Artoush was sitting at the kitchen table. ‘How many times are you going to ask me? I said I did not know. I was not aware of it. They decided this on their own.’ He was pushing the sugar shaker back and forth on the table.
I was shaking and shouting and I did not care a whit if I was yelling. ‘You didn’t know? Your precious friend deliberately parks his Cadillac in our garage to...’
‘He’s not my friend.’
‘Whatever. Your precious enemy. Of course he’s not your friend! A friend would not treat a friend like this. He drinks our tea and coffee, spinning his ridiculous plans, and meanwhile orders his minion to come and collect seditious flyers from our garage? What if they were following him? What if they broke into our house? If you were, and still are, so hell-bent on being a political activist, you should never have married. You should never have had children. If SAVAK broke in here, what would happen to me and the children? You don’t think of anyone but yourself!’
On and on, I held nothing back. Artoush just took it. Then he picked up the sugar shaker from the table. I was still yelling: ‘Thoughtless, selfish.’ He was playing with the cap of the sugar shaker.
‘I slave day and night for you and the children, and for what? So you can do just exactly as you please. So you can play chess, devote yourself to your supposedly important political projects, and play at being a hero, while the children suck the life out of me and leave me with no time to do anything for myself, and no one even once stops to ask me, “Are you tired?” And...’ I put a tissue to my eyes and began sobbing out loud. Artoush was twisting the sugar shaker open and closed.
It was the first time that he had not wa
lked out in the middle of an argument.
‘I dance to every tune you play. Living in Braim is bourgeois, fine. What do we need a high-end model car for, fine. I have guests coming, fine. I like chess, fine. I’m going to Shahandeh’s, fine. And now...now things have come to the point where they’re distributing dangerous political flyers from my house and his highness, the master of the house, says, “I was not aware of it. They decided this on their own.” If you are so stupid that you don’t know what happens in your own house, then...’

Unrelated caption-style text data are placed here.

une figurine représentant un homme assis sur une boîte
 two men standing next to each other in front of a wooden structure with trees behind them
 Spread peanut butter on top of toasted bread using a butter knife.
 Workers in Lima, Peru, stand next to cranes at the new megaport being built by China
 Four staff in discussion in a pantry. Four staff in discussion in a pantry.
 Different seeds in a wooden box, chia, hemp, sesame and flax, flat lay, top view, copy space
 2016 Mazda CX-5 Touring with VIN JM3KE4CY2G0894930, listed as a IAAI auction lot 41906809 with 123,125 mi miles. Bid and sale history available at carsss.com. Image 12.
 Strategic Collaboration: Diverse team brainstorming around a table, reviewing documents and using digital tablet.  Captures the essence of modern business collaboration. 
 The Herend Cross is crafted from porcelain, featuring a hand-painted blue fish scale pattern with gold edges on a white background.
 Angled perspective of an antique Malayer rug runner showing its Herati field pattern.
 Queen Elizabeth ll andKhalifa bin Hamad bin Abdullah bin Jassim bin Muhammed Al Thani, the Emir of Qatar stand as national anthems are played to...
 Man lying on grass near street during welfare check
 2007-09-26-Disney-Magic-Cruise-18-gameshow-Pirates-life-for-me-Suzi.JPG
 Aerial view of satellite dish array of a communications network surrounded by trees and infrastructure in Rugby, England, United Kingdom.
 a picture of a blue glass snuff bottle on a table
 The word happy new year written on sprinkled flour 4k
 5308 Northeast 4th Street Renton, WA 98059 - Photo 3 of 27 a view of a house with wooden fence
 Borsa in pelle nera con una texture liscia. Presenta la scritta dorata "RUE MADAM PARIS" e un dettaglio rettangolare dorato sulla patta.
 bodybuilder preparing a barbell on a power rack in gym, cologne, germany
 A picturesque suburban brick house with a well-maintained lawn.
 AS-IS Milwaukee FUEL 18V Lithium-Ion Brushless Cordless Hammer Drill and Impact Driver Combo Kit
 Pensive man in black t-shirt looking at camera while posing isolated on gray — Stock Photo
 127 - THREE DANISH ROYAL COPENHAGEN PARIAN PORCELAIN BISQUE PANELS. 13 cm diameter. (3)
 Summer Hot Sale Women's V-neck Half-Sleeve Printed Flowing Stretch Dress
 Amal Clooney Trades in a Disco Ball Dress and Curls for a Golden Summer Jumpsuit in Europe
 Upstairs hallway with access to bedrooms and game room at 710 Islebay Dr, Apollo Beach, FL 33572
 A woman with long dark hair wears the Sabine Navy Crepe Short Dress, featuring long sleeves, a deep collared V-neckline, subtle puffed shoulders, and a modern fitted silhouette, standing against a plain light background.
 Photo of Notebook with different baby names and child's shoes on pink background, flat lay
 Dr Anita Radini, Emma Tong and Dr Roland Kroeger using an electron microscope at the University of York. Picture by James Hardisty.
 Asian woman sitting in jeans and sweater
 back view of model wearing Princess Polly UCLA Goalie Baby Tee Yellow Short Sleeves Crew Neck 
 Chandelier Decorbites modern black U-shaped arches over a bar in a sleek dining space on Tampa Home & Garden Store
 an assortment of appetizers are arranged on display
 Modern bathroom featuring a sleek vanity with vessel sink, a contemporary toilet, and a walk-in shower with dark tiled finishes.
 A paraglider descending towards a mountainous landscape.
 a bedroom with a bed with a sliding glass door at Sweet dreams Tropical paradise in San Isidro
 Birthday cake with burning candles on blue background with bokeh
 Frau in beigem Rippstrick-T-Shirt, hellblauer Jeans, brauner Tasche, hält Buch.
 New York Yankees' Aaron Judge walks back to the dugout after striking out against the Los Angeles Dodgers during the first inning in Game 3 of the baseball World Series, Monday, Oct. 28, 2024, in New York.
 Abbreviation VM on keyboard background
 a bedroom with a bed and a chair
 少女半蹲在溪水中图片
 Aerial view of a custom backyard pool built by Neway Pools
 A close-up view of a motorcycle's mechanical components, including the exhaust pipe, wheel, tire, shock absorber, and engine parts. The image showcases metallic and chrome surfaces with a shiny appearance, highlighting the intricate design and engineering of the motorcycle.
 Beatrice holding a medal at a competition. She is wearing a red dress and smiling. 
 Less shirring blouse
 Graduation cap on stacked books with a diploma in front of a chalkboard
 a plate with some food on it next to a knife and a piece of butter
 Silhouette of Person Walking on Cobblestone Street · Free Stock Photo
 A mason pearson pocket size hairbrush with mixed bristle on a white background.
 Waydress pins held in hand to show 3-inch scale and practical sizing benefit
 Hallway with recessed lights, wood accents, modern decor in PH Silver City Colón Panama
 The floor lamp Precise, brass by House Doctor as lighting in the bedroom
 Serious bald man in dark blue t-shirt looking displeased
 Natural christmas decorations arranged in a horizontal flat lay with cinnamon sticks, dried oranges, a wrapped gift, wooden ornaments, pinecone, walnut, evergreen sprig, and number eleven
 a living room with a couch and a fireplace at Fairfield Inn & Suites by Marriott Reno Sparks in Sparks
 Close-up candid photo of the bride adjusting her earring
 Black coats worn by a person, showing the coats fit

I did not finish my sentence, but stared in shock as Artoush unscrewed the top of the sugar shaker and without a single word, poured sugar all over the table, the chairs, and the kitchen floor, as though he were watering the flowers. Then he screwed the cap back on the sugar shaker, set it down on the table and left the kitchen.
43
At the kitchen table I was mending the twins’ school uniforms, torn again at the pockets.
The kitchen had been swept several times after the argument with Artoush, both by myself and by Ashkhen. But each morning a long line of ants marching this way or that told me that traces of sugar were left in spots. I had not spoken a single word to Artoush since that day. Instead I had been waging an internal struggle about who was in the right, me or him. The twins were out in the yard, on the swing seat, singing a song:
We had a lovely dog,
We loved that dog to pieces...
The gate squeaked, followed by laughter and shouting from the twins.
‘Thank you, Sophie!’
‘Thank you, Uncle Garnik.’
‘Both of them green!
‘How pretty!’
‘Just like Sophie’s!’
‘Thank you, thank you!’
I had a pot of kidney beans on the stove. I turned off the burner and went to open the door. The twins were jumping up and down, each holding a hula-hoop.
From the front step, smiling, I called out, ‘So you had to go out and do it, in the end?’